Otras dos perversiones habituales en mercados regulados y con precios políticos es la aparición del mercado negro (con su evasión de impuestos y de controles bromatológicos) o el ajuste por la calidad , esto es, productos similares pero peores a los tarifados. En una palabra, lo que ya está pasando con el asado rebajado. ¡Bingo y redoblona!
En el mediano plazo, los efectos son todavía peores. Los precios políticos terminan generando una distorsión en el mercado que puede afectar también a otros productos no tarifados. Sin dramatizar, recordemos que la ruina económica de los países comunistas no sobrevino por la acción de la CIA ni de los marines sino por su incapacidad absoluta de determinar cuánto valía cada cosa, desde un tornillo a una hora de trabajo, pasando por las chauchas, los televisores y las naves espaciales. Es cierto que aquí no se propone anular al mercado, pero el escenario en el que amenazan intervenir es lo suficientemente amplio como para generar una sensación de irrealidad similar a la de la Rusia soviética.

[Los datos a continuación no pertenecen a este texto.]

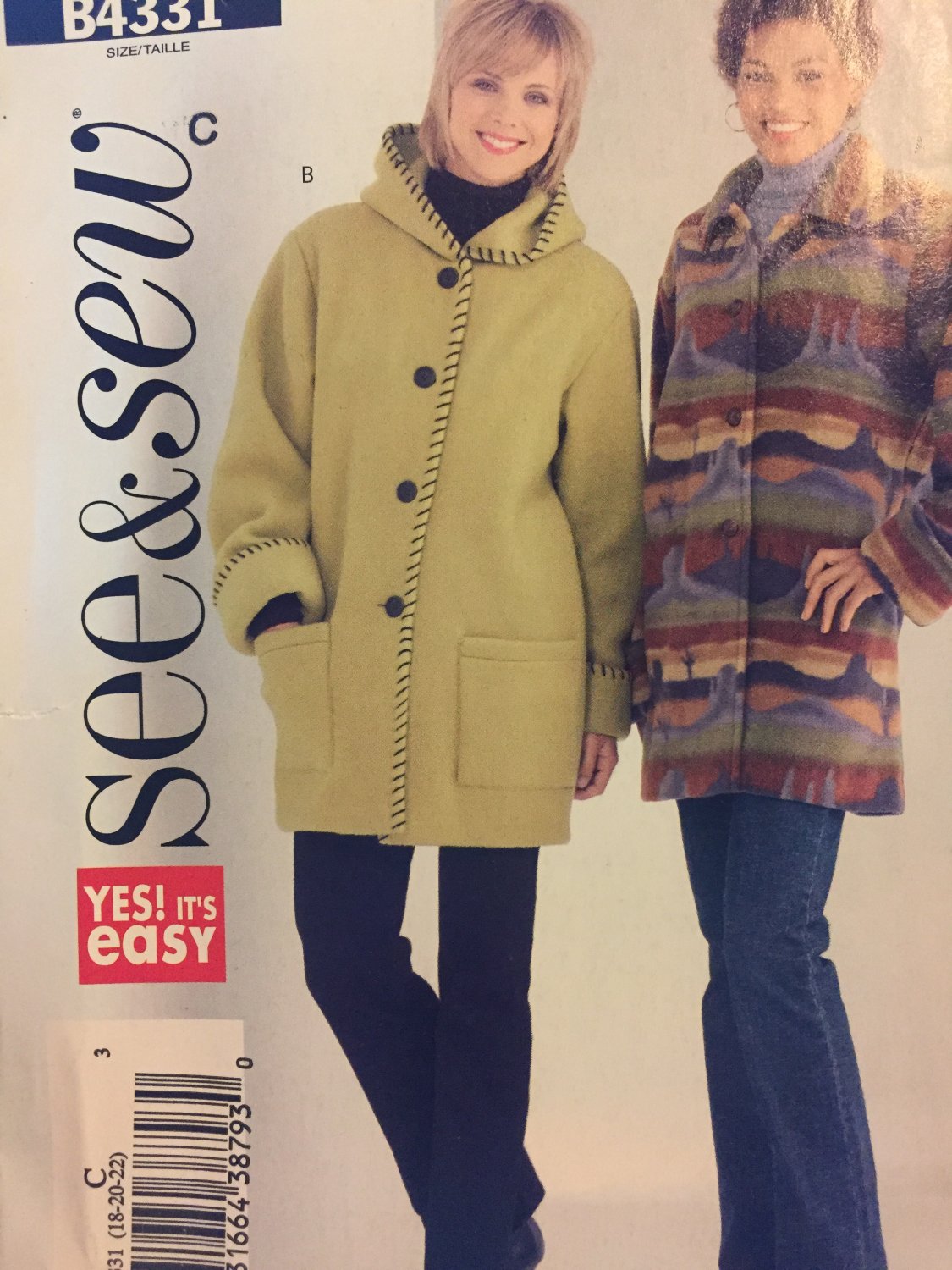 See & Sew Butterick B4331 Jacket Coat with turn back cuffs UNCUT sewing pattern SZ 18-20-22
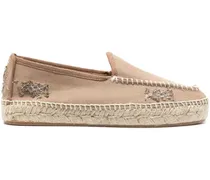 Bestickte Espadrilles aus Canvas - Nude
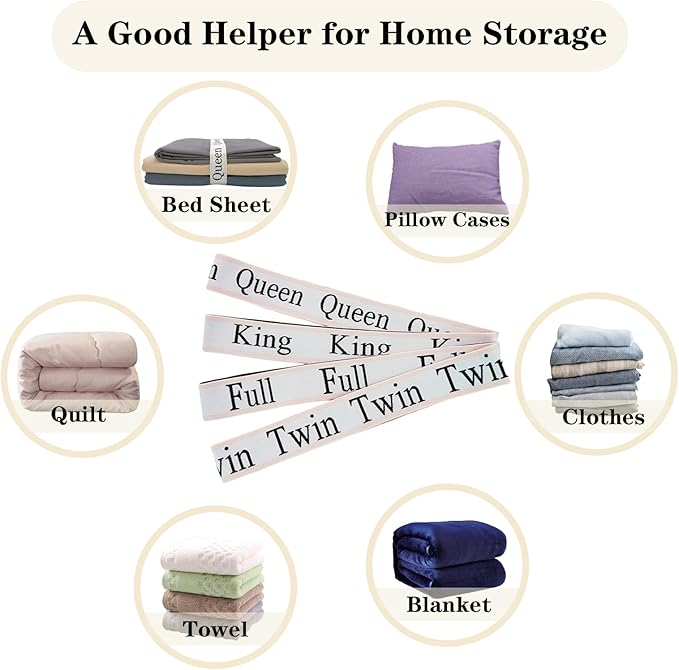 12 Pieces Bed Sheet Organizer Bands, Closet Organization Sheet Straps, Linen Labels Bedding Bands, Elastic Bed Sheet Storage Sheet Keepers （6PcsQueen 6PcsKing ）
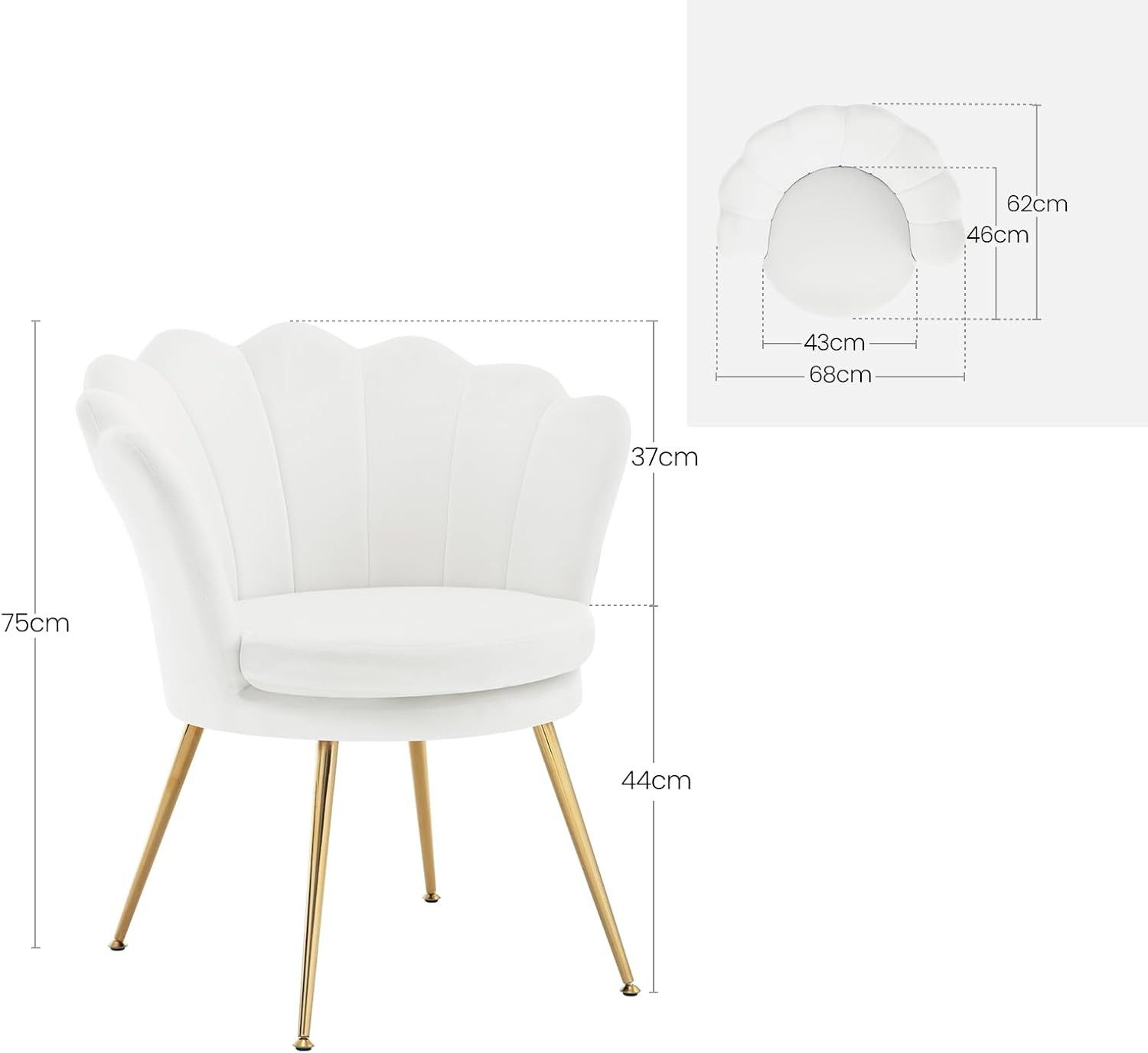 Woltu Relaxsessel, Sessel Wohnzimmer in Blumenform, mit Samtbezug Metallbeinen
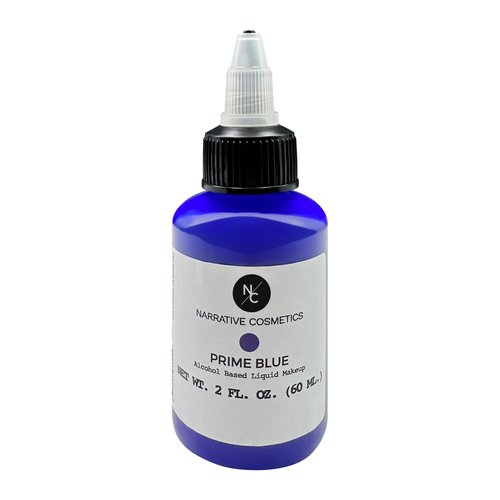 Narrative Cosmetics FX Alcohol Airbrush Paints - 2 fl oz, Skin Safe, Quick Dry, Waterproof, Sweatproof, Transferproof Liquid Makeup for Bodypainting, Theater, FX Makeup, Film and TV - Prime Blue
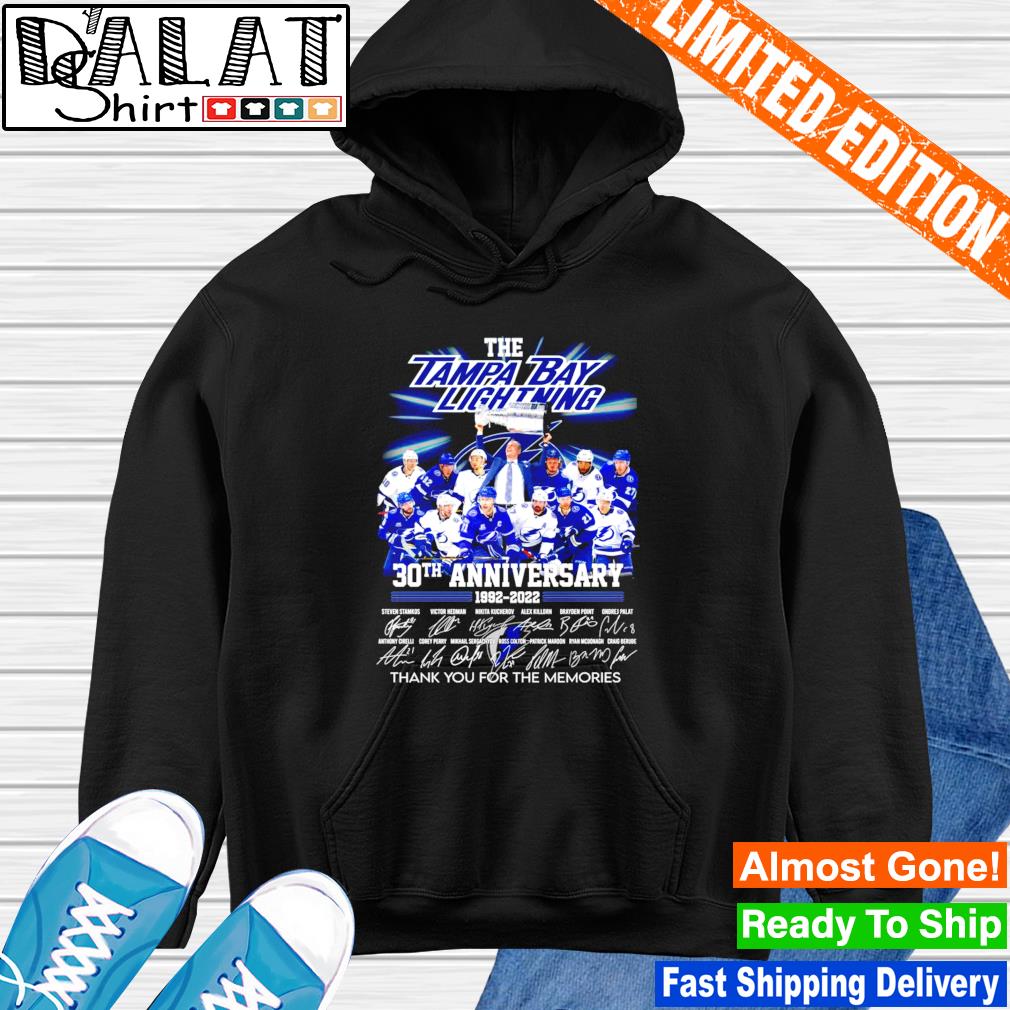 The Tampa Bay Lightning 30th Anniversary 1992 2022 signatures shirt,  hoodie, sweater and v-neck t-shirt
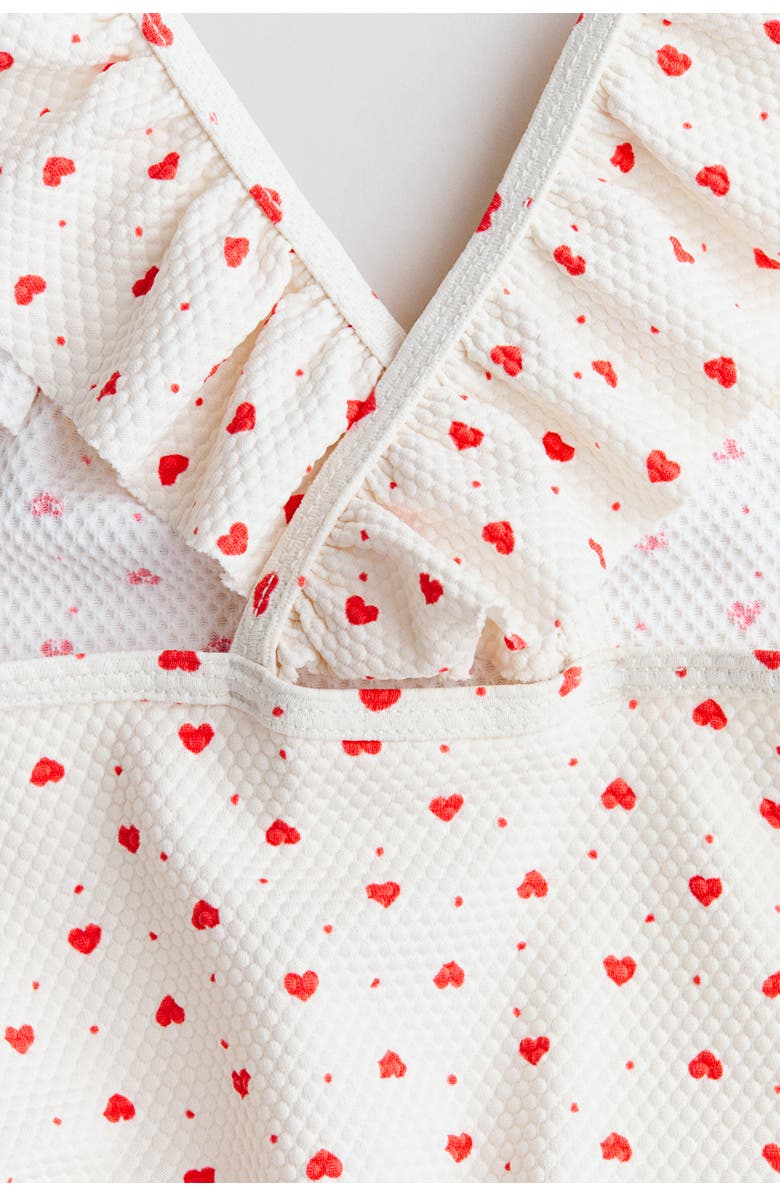 H&M Flounce-trimmed Swimsuit, Alternate, color, Light Beige/Hearts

¿Estamos ante una concepción progresista de la economía? Cualquiera que sea la definición que se dé a esa palabra-fetiche, la respuesta es no. Encarna una idea mecanicista propia del Siglo XIX, por lo que parece más bien arcaica. Mucho menos si por progreso entendemos una sociedad en la que el gobierno abandone la tentación paternalista y deje de tratar a los pobres como minusválidos, a los industriales y comerciantes como aves de rapiña y a la clase media como consumista y frívola. Pero lo más fastidioso (y lo menos progresista ) es su soberbia intelectual, esa idea aristocrática por la cual un conjunto de gobernantes, burócratas y técnicos son capaces de tomar decisiones económicas virtuosas, mientras que el resto de la sociedad se deja llevar por la codicia, la molicie o la sinrazón.
Si lo que de verdad se quiere es democratizar el poder y no concentrarlo y si es cierto que se busca bajar los precios y no ganar aplausos efímeros, los gobernantes tienen en sus manos la llave del éxito. Puesto que el Estado es el gran formador de precios a través de los impuestos y las tarifas de los servicios públicos monopólicos, podría practicar con el ejemplo y ajustar sus costos a la baja. Entonces sí, ¡otra que el asado de trece costillas!